• **SUPPLIED DATA**:
* * * * * * *

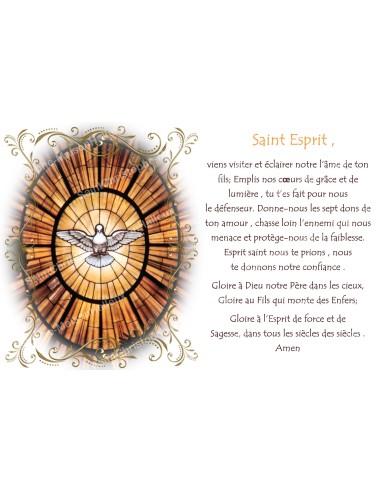 Autocollant bougie de neuvaine avec prière français - Saint Esprit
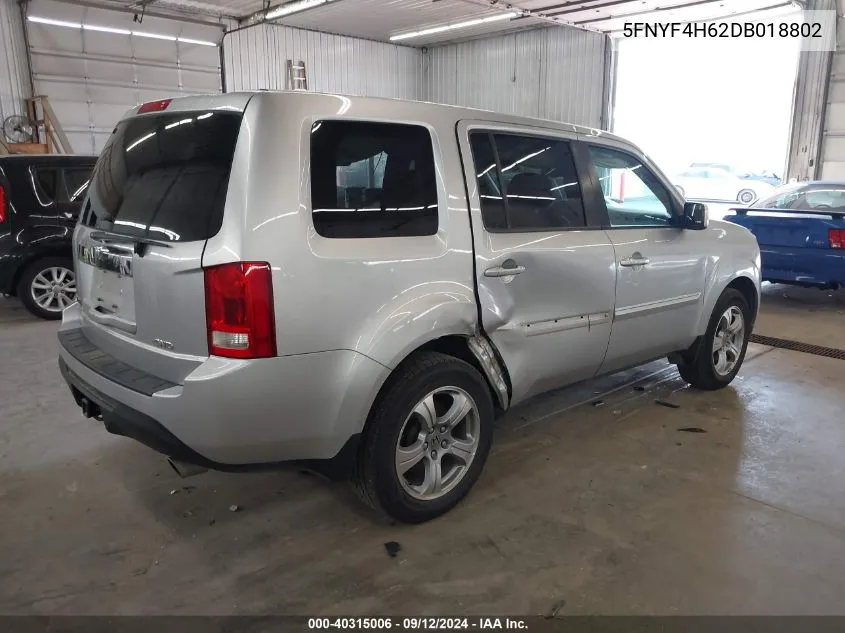 2013 Honda Pilot Exl VIN: 5FNYF4H62DB018802 Lot: 40315006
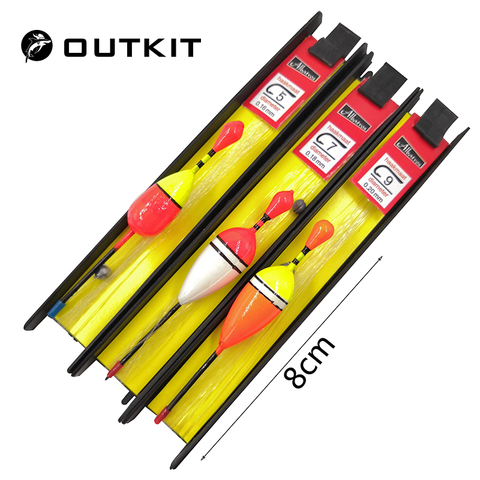 OUTKIT 3 unids/lote 8cm boya Vertical conjunto de flotador de Pesca flotadores de pesca de madera pesca aparejos de pesca Tiple accesorios de traje ► Foto 1/6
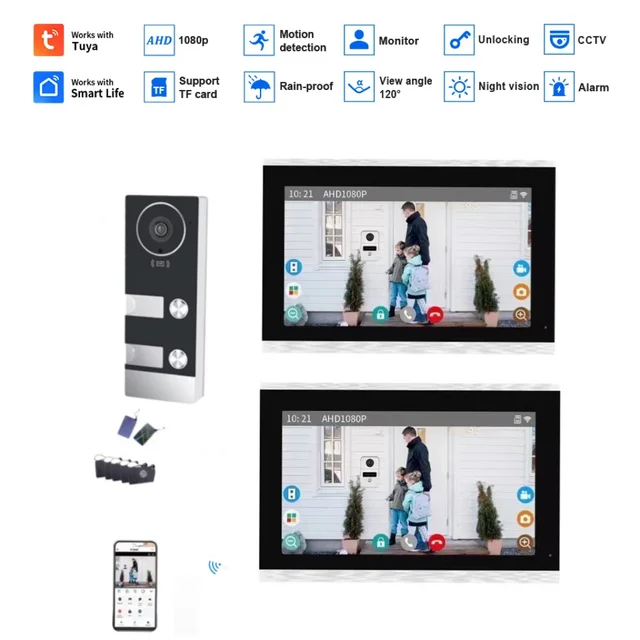 2/3/4 Multifamily TUYA WiFi Video Doorphone Building Intercom Kits 7/10 Inch Screen Monitor Door Bell APP Card Unlock Apartment 3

* * * * * * *

• **ACTIVITY**: Would you retype every line shown above exactly, leaving the pictures aside?

• **OUTPUT BELOW**:
 Autocollant bougie de neuvaine avec prière français - Saint Esprit
 2013 Honda Pilot Exl VIN: 5FNYF4H62DB018802 Lot: 40315006
 OUTKIT 3 unids/lote 8cm boya Vertical conjunto de flotador de Pesca flotadores de pesca de madera pesca aparejos de pesca Tiple accesorios de traje ► Foto 1/6
 2/3/4 Multifamily TUYA WiFi Video Doorphone Building Intercom Kits 7/10 Inch Screen Monitor Door Bell APP Card Unlock Apartment 3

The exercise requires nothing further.